Yep the White House has a real problem with classifying the Taliban.They traded 5 taliban HVT's for Berghdal and at least one has rejoined the fight.


----------



## Rifleman62 (5 Feb 2015)

And he continues on his apology tour. Outrageous to compare the Christian Crusades over a thousand years ago with the acts of barbarism of ISIS.

http://www.breitbart.com/big-government/2015/02/05/obama-at-national-prayer-breakfast-people-committed-terrible-deeds-in-the-name-of-christ/ 

*Obama At National Prayer Breakfast: ’People Committed Terrible Deeds In The Name of Christ’*

Charlie Spiering - 5 Feb 2015

At the National Prayer Breakfast, President Obama reminded attendees that violence rooted in religion isn’t exclusive to Islam, but has been carried out by Christians as well.

Obama said that even though religion is a source for good around the world, there will always be people willing to “hijack religion for their own murderous ends.”

“Unless we get on our high horse and think this is unique to some other place, remember that during the Crusades and the Inquisition, people committed terrible deeds in the name of Christ,” Obama said. “In our home country, slavery and Jim Crow all too often was justified in the name of Christ.”

Obama also denounced Islamic State terrorists for professing to stand up for Islam when they were actually “betraying it.”

“We see ISIL, a brutal vicious death cult that in the name of religion carries out unspeakable acts of barbarism,” he said criticizing them for “claiming the mantle of religious authority for such actions.”

Obama at Prayer Breakfast: "Faith Distorted"   Video


----------



## G.R-B (5 Feb 2015)

White house spoke person about war on drugs:

"The Hells Angels is a motorcycle club, whose members partake in criminal activities in a somewhat organized fashion. But I don't think calling them a criminal organization is right." 

 ;D


----------



## jollyjacktar (5 Feb 2015)

Rifleman62 said:
			
		

> And he continues on his apology tour. Outrageous to compare the Christian Crusades over a thousand years ago with the acts of barbarism of ISIS.

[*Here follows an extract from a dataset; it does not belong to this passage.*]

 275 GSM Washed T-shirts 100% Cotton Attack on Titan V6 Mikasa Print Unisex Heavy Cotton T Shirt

I don't know how outrageous it is in some respects.  There were some deeds done in those days which a no less barbaric quite frankly.  The burning of witches or heretics at the stake for starters.  Now, it's not fair to judge them by today's standards as we've come so very far since then.  ISIS, on the other hand are present day.  They don't get a pass from me for behaving like barbarian cavemen.


----------



## cupper (5 Feb 2015)

Don't forget though that technically the Taliban was at one time the governing body in Afghanistan (whether legitimate or not).

ISIS and AQ are terrorist organization which have no legitimacy in any sense. Members are more likely than not from other countries rather than the country they are fighting in.

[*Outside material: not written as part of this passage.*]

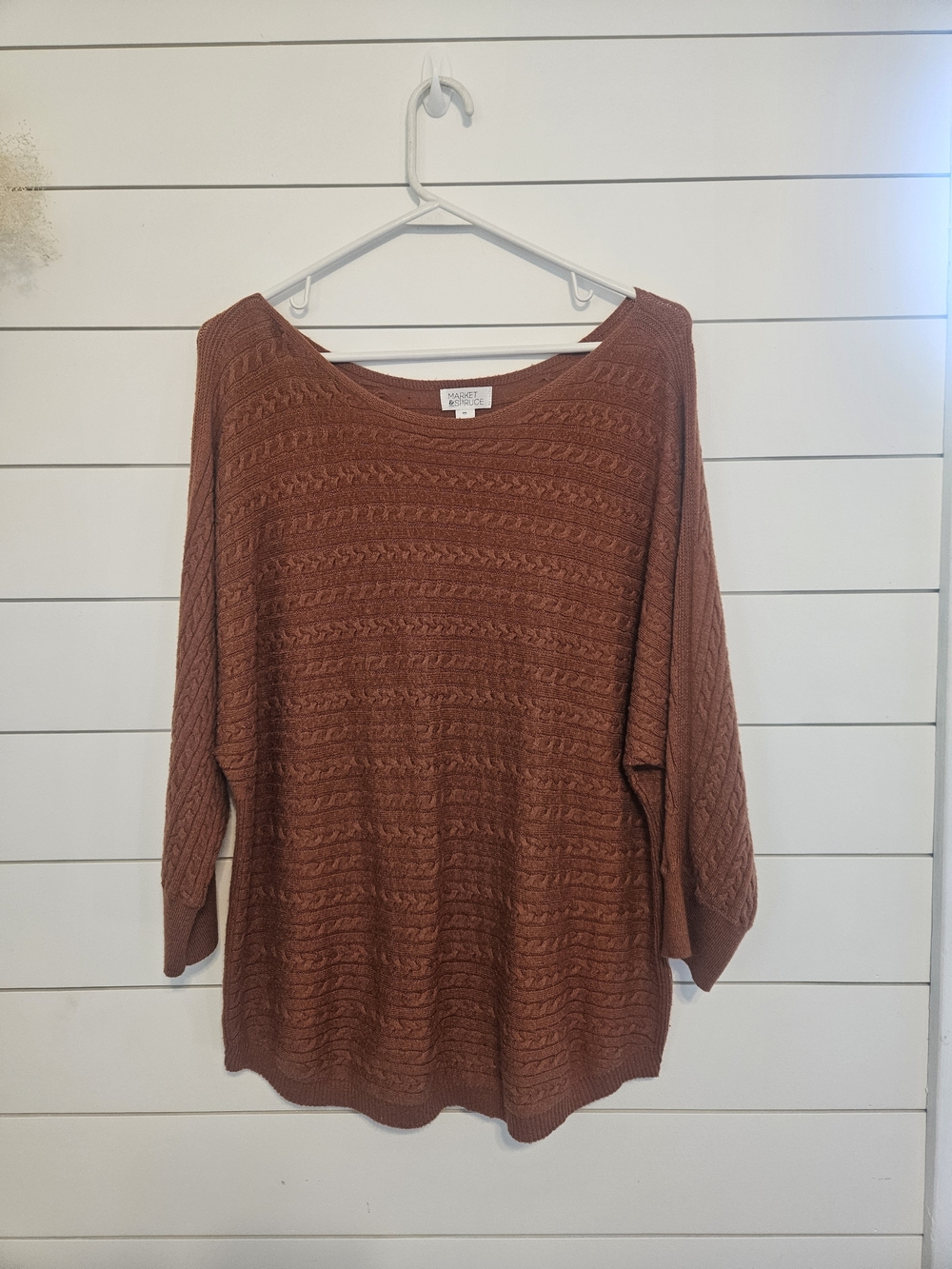 Market & Spruce Rust Cable Knit Scoop Neck Pullover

Even when you look at the Sunni Insurgency in Iraq the majority were Iraqi Sunnis who fought against being relegated to insignificance in their own country (albeit after being removed from their position as the ruling minority). But they were Iraqis fighting within their own country in essentially a civil war.

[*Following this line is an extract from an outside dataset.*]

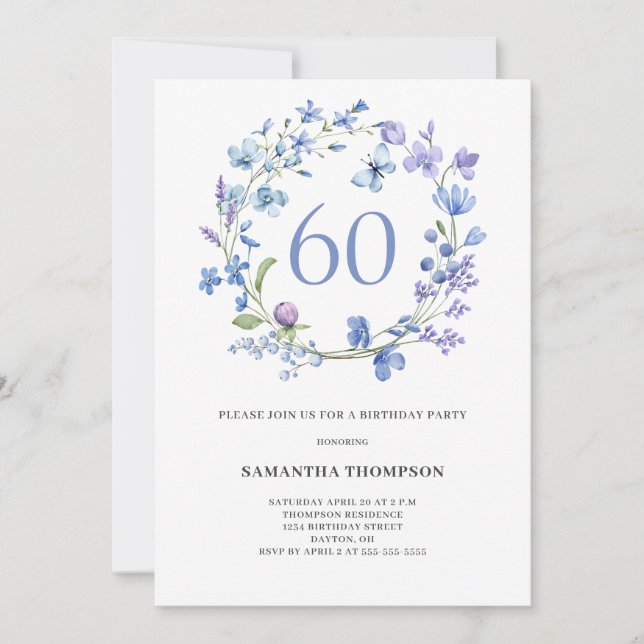 60e anniversaire Blue Floral Aquarelle Invitation (Devant)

The Taliban is waging a civil war to regain control they once had.

I admit that this is very over simplified, but the point is that although they use terrorist means and methods, they still have some legitimacy as a defeated government in a civil war.


----------



## Retired AF Guy (5 Feb 2015)

G.R-B said:
			
		

> White house spoke person about war on drugs:
> 
> "The Hells Angels is a motorcycle club, whose members partake in criminal activities in a somewhat organized fashion. But I don't think calling them a criminal organization is right."
> 
> ;D



I wonder if anyone has told the RCMP and FBI that.


----------



## Rifleman62 (8 Feb 2015)

Rex Murphy writes a very good article. I note ABC,NBC, CBS did not cover the President’s remarks.


*Rex Murphy: In Obama’s impulse to absolve Islam, he offers a rebuke to Christianity*

National Post - Rex Murphy - February 7, 2015

The President of the United States is an interesting theologian. He has taken to declaring that Islamic terrorists, who by their own emphatic insistence are Islamic, and who conduct their merciless operations in Nigeria, Syria, Yemen, Afghanistan, Iraq and fitfully in many countries around the world explicitly and defiantly under the banner of Islam, are not what or whom they say they are.

His purpose can  been seen as vaguely worthy — making the point that not all Muslims subscribe to the violent actions and tenets of the numerous radical factions, but saying “not all” does not erase a worryingly large “some.” Some, in these dreadful cases, is very, very many. But who really blames, or has been blaming, “all Muslims” ever? Western world leaders to a person have been insisting it is not all Muslims since the morning of the 9/11 attacks. This is a tired, and by now needless, rhetorical gambit.

But Mr. Obama treads travels much further on this dubious ground. On Thursday, two days after Jordanian pilot Muath Al-Kassasbeh was horrifically murdered by ISIS, Mr. Obama, speaking at a prayer breakfast, went through the usual theatre — these people are not Muslims, Islam is peace, etc., but then took a strange sideswipe at Christians.

He had this to say: “And lest we get on our high horse and think this is unique to some other place, remember that during the Crusades and Inquisition, people committed terrible deeds in the name of Christ.”

My first qualification here would be to point the obvious, that in those times of the Crusades, Muslims were committing terrible deeds in the name of Allah. This was not a one-sided clash of blades and bludgeons. This is hardly a trivial point.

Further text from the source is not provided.